Didier Eribon Fayard, 2013, 280 p., 19 €

Dans cette « introspection sociologique » de transfuge de classe, le philosophe et sociologue Didier Eribon approfondit le travail entrepris dans Retour à Reims (2009), afin de saisir les « verdicts » qui s’emparent de nous à notre naissance et dont nous avons tant de mal à nous départir. Dans un style clair et fluide, l’auteur élargit le dialogue avec des grands noms des sciences sociales (Bourdieu, Foucault, Hoggart), de la philosophie (Sartre et Beauvoir) et de la littérature (Annie Ernaux en premier lieu, mais aussi Claude Simon, Proust, Sarraute, Gide…), qu’il croise avec son histoire personnelle et familiale. Il cherche ainsi « quelque chose qui s’apparente à une connaissance critique, dans laquelle le désir de changer le monde social pourrait trouver les moyens d’un début de réalisation. » La mémoire et l’histoire, « politiques de part en part », y tiennent une grande place, de même que les hontes – sociale, sexuelle – et les peurs qui nous constituent (le premier chapitre s’intitule « honto-analyse »).
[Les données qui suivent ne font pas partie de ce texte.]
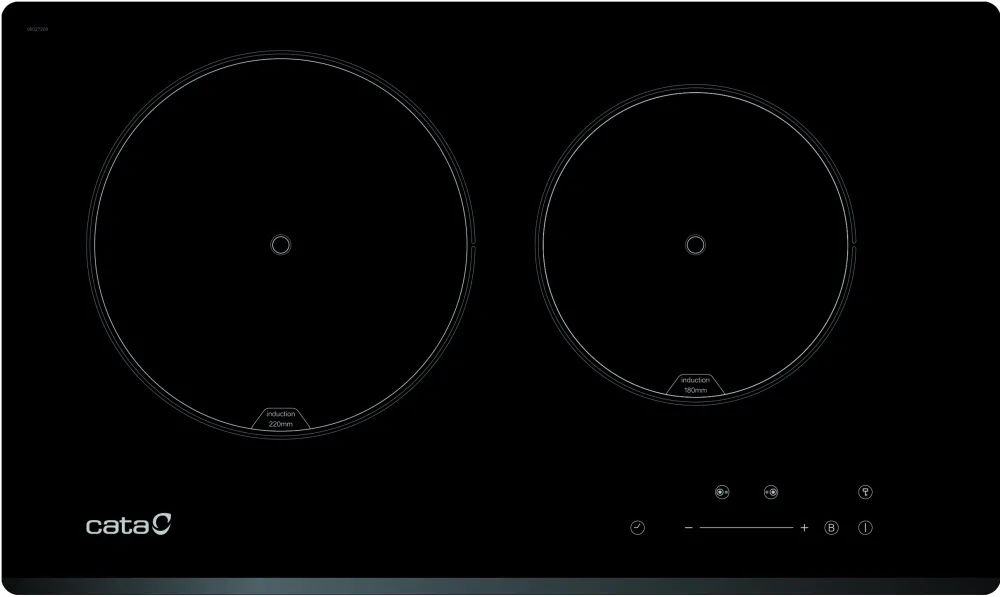 Plita CATA IB 2 PLUS BK/A, inductie, Latime 35 cm, 2 zone de gatit, Control tactil, Negru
Le système scolaire, les auto-éliminations, les trajectoires qui en découlent, les rapports entre cultures « populaire » et « légitime » sont aussi abordés. Eribon pointe une contradiction en particulier : lorsque l’on vient d’une classe populaire ou d’une culture dominée (à l’instar des écrivains Mouloud Mammeri ou Assia Djebar) la réappropriation de soi et de sa culture passe par l’acquisition d’une culture qui en impose le reniement. La question de l’émancipation, à reconduire sans cesse, traverse tout l’ouvrage. Il nous offre aussi une belle réflexion sur le sens et la portée de l’écriture, de sa générosité principielle.